## WHAT TO WORK ON:
Using the data beneath this instruction, retype only the lines from the one that contains "Chaturbate Nude Webcam of jade_the_vergin02" down to the one that contains "Player 2від.,2карм. №K25-531M-3(4)", both included, exactly as they appear.

## DATA FOR REVIEW:
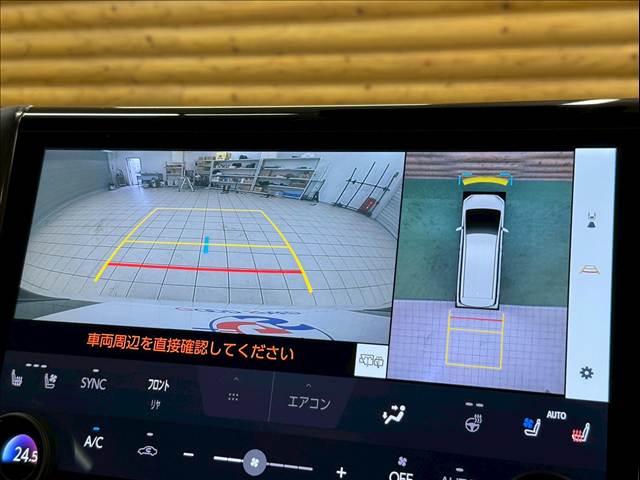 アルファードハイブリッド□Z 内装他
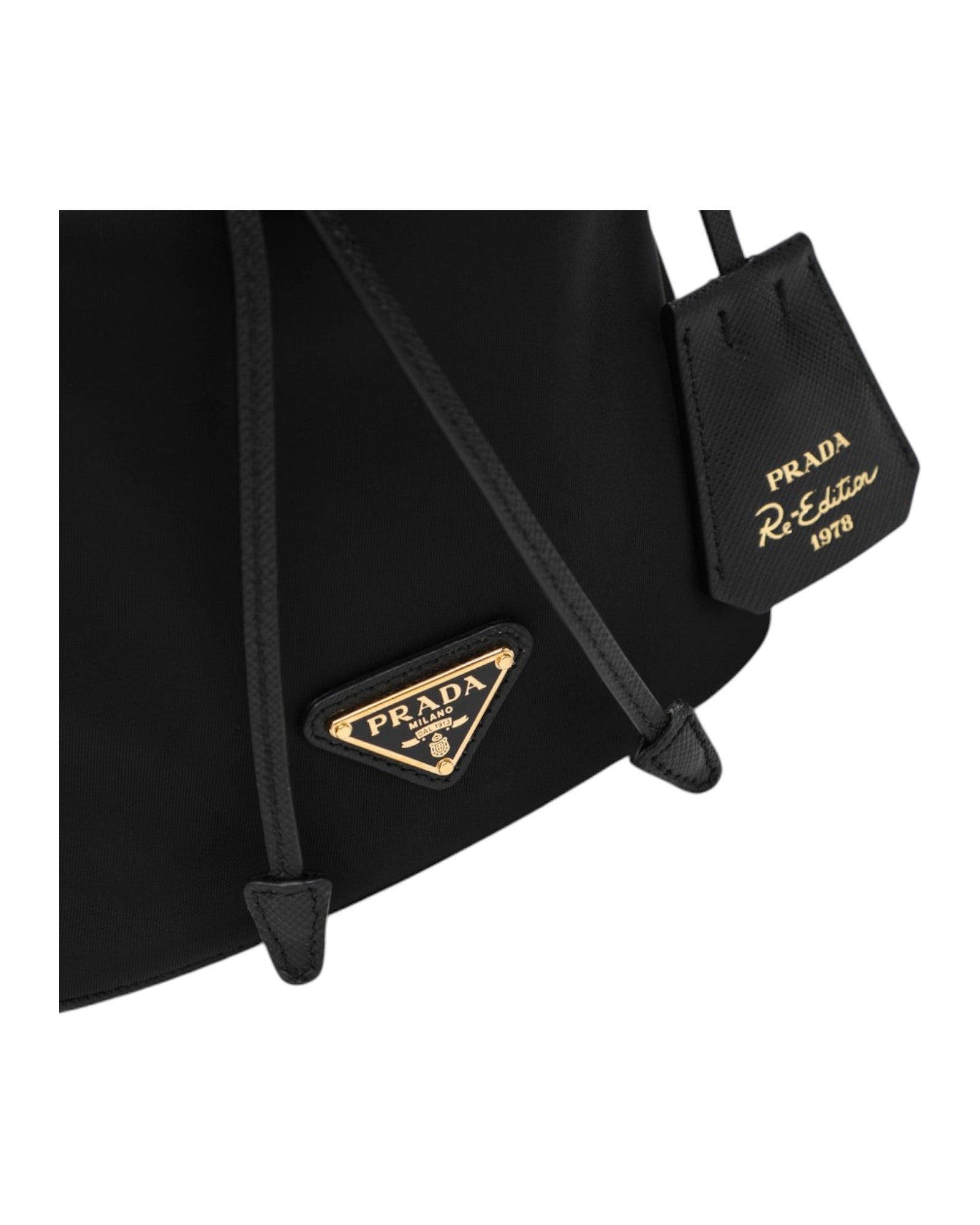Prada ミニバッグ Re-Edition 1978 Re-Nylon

---

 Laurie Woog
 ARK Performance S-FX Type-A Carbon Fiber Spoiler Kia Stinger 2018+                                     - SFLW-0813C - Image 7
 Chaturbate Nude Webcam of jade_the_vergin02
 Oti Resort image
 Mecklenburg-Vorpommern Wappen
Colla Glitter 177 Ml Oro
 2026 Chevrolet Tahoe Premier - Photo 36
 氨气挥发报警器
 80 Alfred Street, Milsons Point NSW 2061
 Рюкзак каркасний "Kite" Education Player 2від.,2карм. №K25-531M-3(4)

...

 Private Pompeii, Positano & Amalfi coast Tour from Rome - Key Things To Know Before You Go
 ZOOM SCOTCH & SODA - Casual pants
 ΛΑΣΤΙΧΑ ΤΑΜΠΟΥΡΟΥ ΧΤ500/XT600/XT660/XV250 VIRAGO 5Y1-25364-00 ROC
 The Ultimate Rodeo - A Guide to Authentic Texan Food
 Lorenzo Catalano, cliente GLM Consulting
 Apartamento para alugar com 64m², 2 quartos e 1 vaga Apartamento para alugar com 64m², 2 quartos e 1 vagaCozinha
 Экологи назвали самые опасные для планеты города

## ANSWER BOX:
 Chaturbate Nude Webcam of jade_the_vergin02
 Oti Resort image
 Mecklenburg-Vorpommern Wappen
Colla Glitter 177 Ml Oro
 2026 Chevrolet Tahoe Premier - Photo 36
 氨气挥发报警器
 80 Alfred Street, Milsons Point NSW 2061
 Рюкзак каркасний "Kite" Education Player 2від.,2карм. №K25-531M-3(4)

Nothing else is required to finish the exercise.